» Provided data
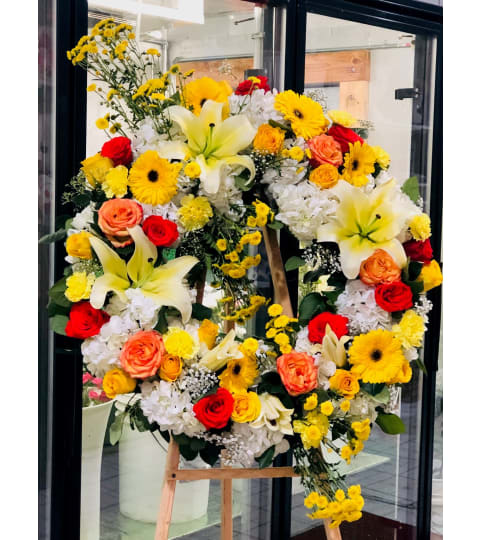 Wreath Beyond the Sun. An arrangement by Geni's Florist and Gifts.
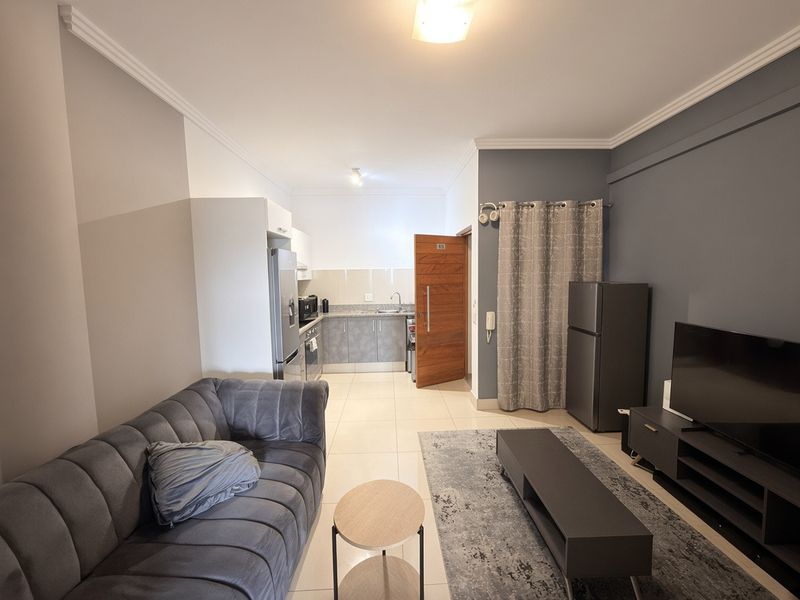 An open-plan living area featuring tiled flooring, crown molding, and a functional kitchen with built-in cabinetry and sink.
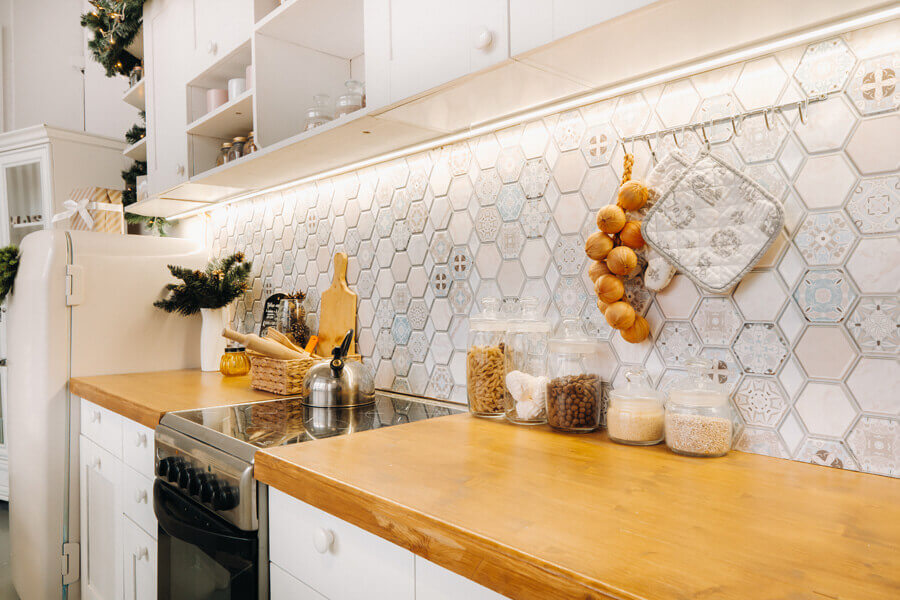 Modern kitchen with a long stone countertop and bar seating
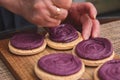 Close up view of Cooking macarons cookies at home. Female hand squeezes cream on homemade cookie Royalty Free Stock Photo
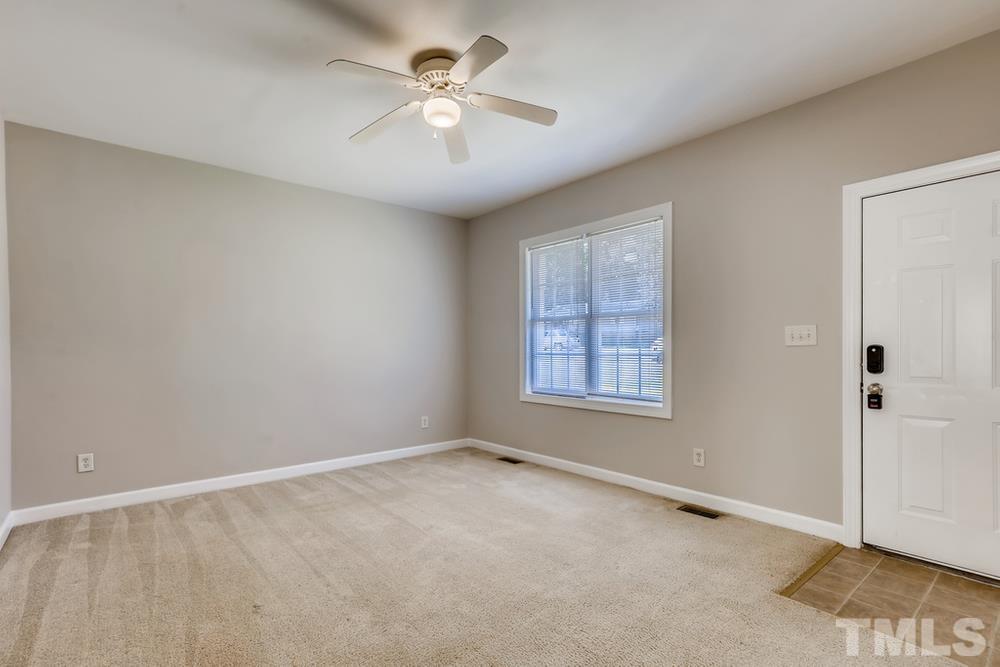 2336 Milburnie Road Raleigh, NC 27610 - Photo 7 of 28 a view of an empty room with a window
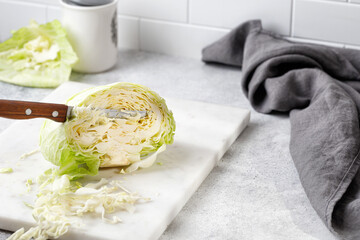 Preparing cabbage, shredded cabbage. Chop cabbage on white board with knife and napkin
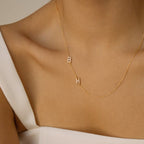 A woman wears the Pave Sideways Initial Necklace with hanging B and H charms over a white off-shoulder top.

» Work order
Please reproduce, exactly and only, the lines from the line containing "2336 Milburnie Road" through the last line of the material above, minus any pictures.

» Problem solution
 2336 Milburnie Road Raleigh, NC 27610 - Photo 7 of 28 a view of an empty room with a window
 Preparing cabbage, shredded cabbage. Chop cabbage on white board with knife and napkin
 A woman wears the Pave Sideways Initial Necklace with hanging B and H charms over a white off-shoulder top.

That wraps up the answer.